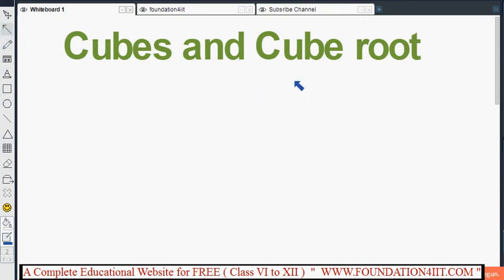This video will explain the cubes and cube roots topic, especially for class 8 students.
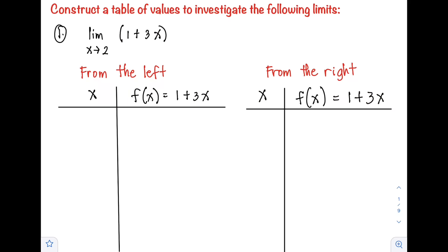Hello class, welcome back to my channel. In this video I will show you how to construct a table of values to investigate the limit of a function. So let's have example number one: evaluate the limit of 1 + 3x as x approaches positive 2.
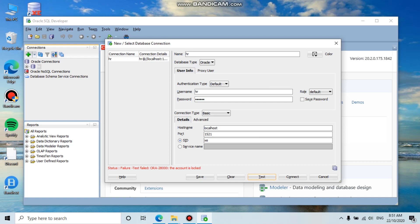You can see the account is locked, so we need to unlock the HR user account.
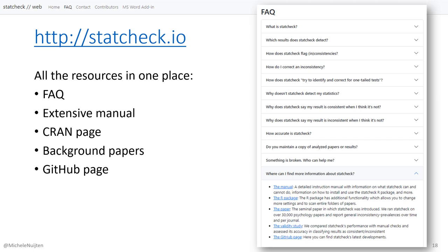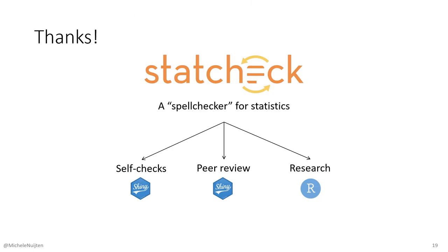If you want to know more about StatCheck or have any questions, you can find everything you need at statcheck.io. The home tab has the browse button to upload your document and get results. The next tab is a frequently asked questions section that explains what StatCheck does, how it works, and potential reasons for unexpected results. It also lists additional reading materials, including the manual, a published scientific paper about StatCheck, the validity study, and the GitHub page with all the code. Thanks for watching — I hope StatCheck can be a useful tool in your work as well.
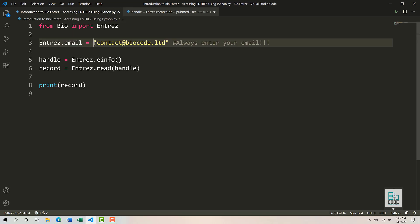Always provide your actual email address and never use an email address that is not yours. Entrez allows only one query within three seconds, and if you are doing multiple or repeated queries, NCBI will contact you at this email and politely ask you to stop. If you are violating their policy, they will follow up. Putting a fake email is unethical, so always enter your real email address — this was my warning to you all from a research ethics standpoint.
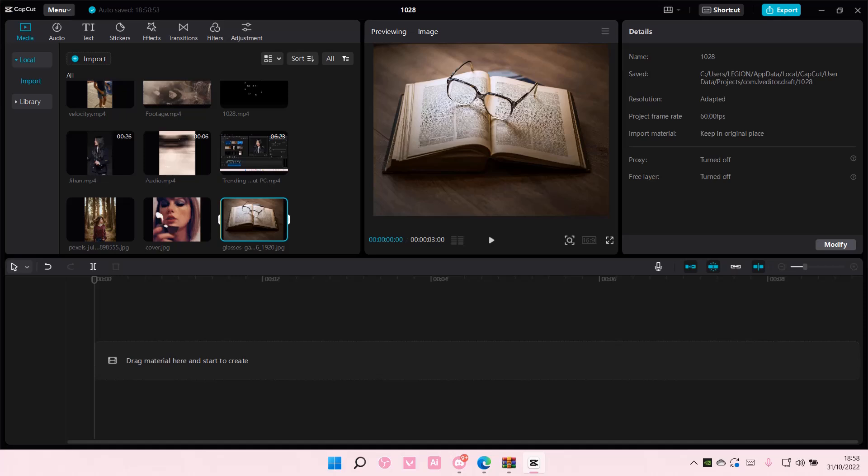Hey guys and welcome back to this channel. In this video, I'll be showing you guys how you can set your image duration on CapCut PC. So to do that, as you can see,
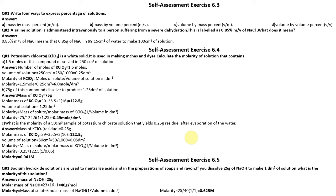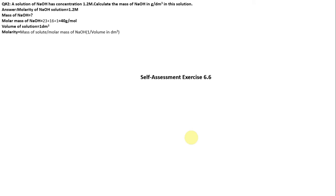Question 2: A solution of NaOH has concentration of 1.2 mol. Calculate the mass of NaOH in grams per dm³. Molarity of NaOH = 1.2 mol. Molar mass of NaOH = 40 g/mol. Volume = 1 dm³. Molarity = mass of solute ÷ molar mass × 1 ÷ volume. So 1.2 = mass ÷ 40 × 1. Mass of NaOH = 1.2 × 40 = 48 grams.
######
> [Problem description]: Exercise for the records above: copy only the lines from the one with "Hello class, welcome" to the one with "You can see the", both ends kept, and drop the pictures.

> [Problem solution]:
Hello class, welcome back to my channel. In this video I will show you how to construct a table of values to investigate the limit of a function. So let's have example number one: evaluate the limit of 1 + 3x as x approaches positive 2.
You can see the account is locked, so we need to unlock the HR user account.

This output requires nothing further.